March 5, 2001
Comptroller Hawke Outlines the Global Challenges of Internet Banking
WASHINGTON — Comptroller of the Currency John D. Hawke, Jr. addressed the cross-border and international challenges of Internet banking for bankers and bank supervisors in a speech today to the Institute of International Bankers.
"Our fundamental belief is that the responsibility for effective supervision of Internet banking — even more than for brick-and-mortar banking — rests with the home country supervisor," Mr. Hawke said. "Home supervisors need to make certain that their banks understand the risks posed by Internet banking and how to manage these risks effectively."
These risks will be outlined in a report for public comment by the Basel Committee on Banking Supervision's Electronic Banking Group, chaired by Mr. Hawke, later this month. "The theme of this report is that e-banking should be conducted with no less attention to the fundamentals of safety and soundness than banking activities conducted through traditional delivery channels," Mr. Hawke said.
The EBG will also address principles for cross-border cooperation among bank supervisors. "In a study now underway, we're looking more specifically into the practical difficulties of applying the existing Basel cross-border framework in the Internet environment, how home countries should go about supervising Internet banks, how host countries can be affected, how differing supervisory standards for Internet banks can be reconciled, and how home- and host-country supervision of these 'virtual banks' might work," Mr. Hawke said.

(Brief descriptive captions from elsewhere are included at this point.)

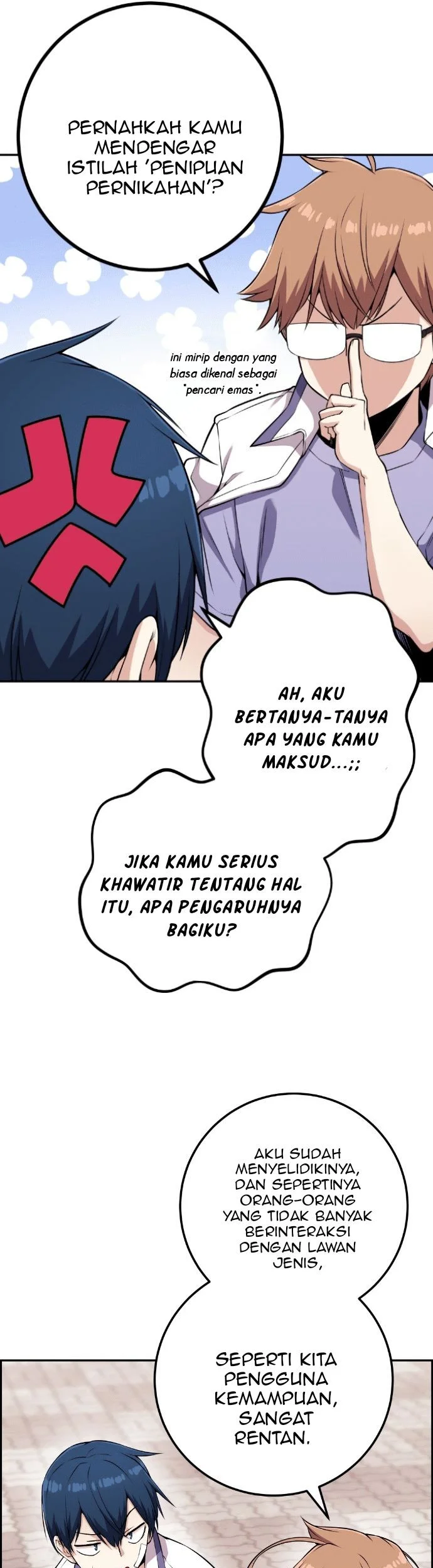Webtoon Character Na Kang Lim Chapter 68 - halaman 10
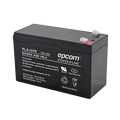 EPCOM POWERLINE PL-9-12FR Baterías Batería 12 Vcc / 9 Ah / U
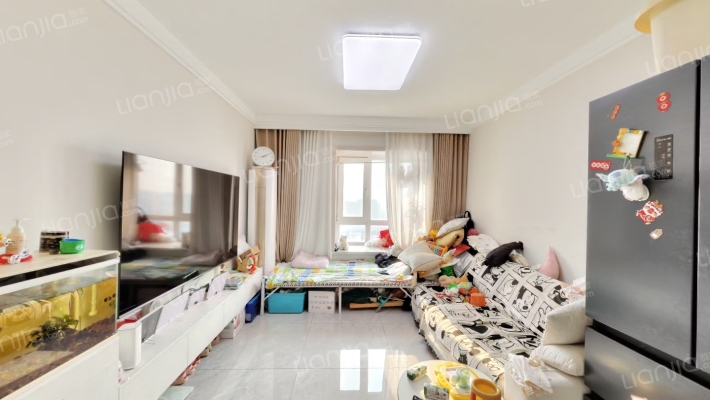 沁芳苑二手房实景图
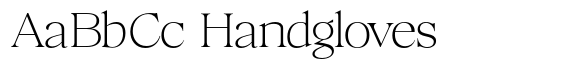 Colitez Serif Thin image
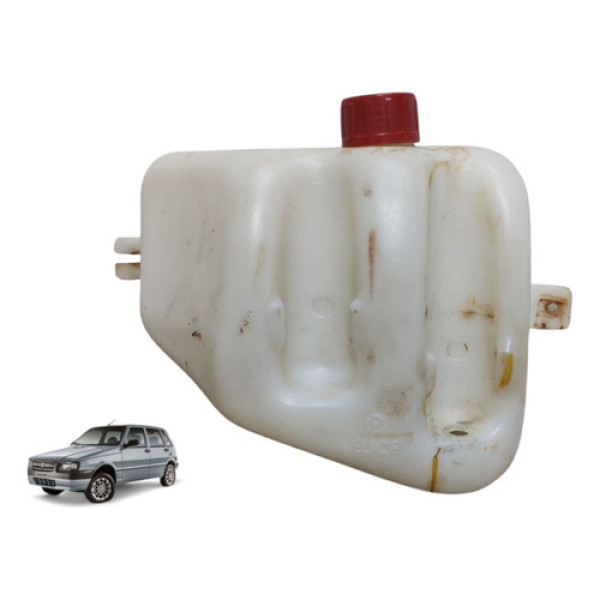 Reservatório Agua Limpador Parabrisa Uno Mille 2004 A 2011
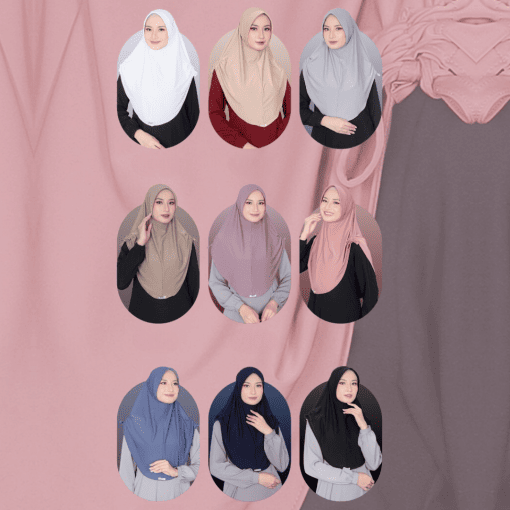 BERGO HAWA
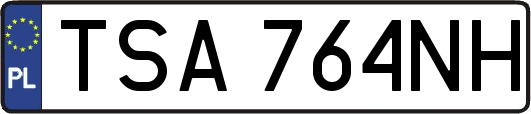 TSA764NH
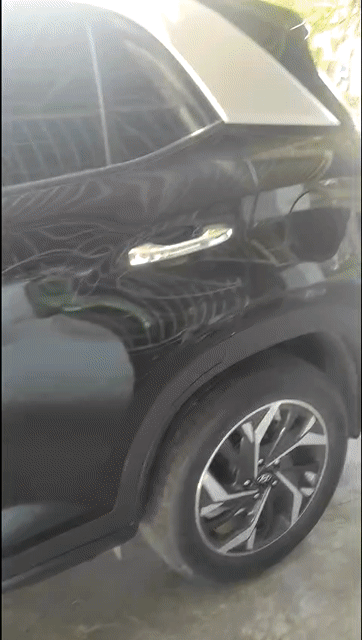 Hyundai Creta 2023 Đặc biệt 35000km. Mua bán Ô tô tại Thị xã Phước Long Bình Phước được đăng bởi Nguyễn vũ hình 1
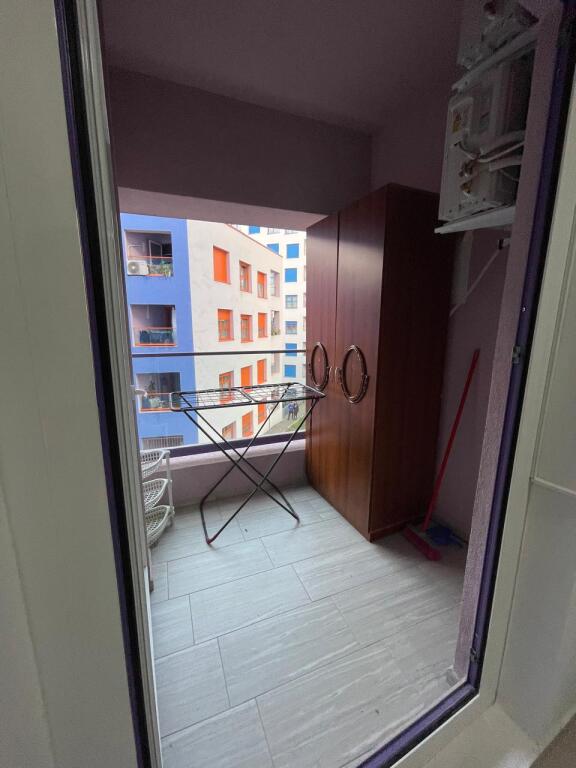 Apartament 1+1 Mangalem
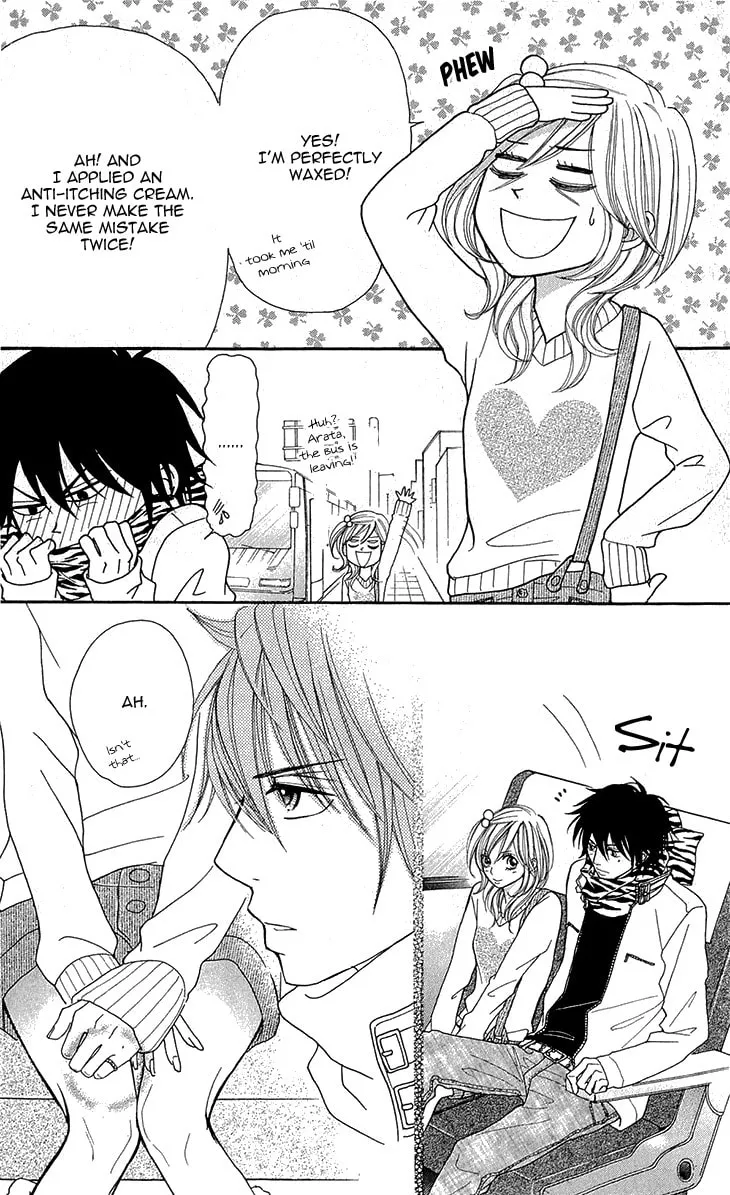 Read Switch Girl!! chapter 48 image 17 on Lezhin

Internet banking raises particular challenges for host countries which the EBG is addressing. "While Internet banking certainly poses difficulties for the host country, the EBG is developing a progressive framework for host country supervisors to use if, for example, they become concerned about the legality or prudential nature of a foreign bank's Internet banking activities."
Mr. Hawke addressed the need for action now. "Because most e-finance activities are still in their infancy, the risks those activities present are not great at this time," Mr. Hawke said. "What is urgent, however, is that we come to terms with the supervisory issues they present and build on the existing framework of international cooperation to address them."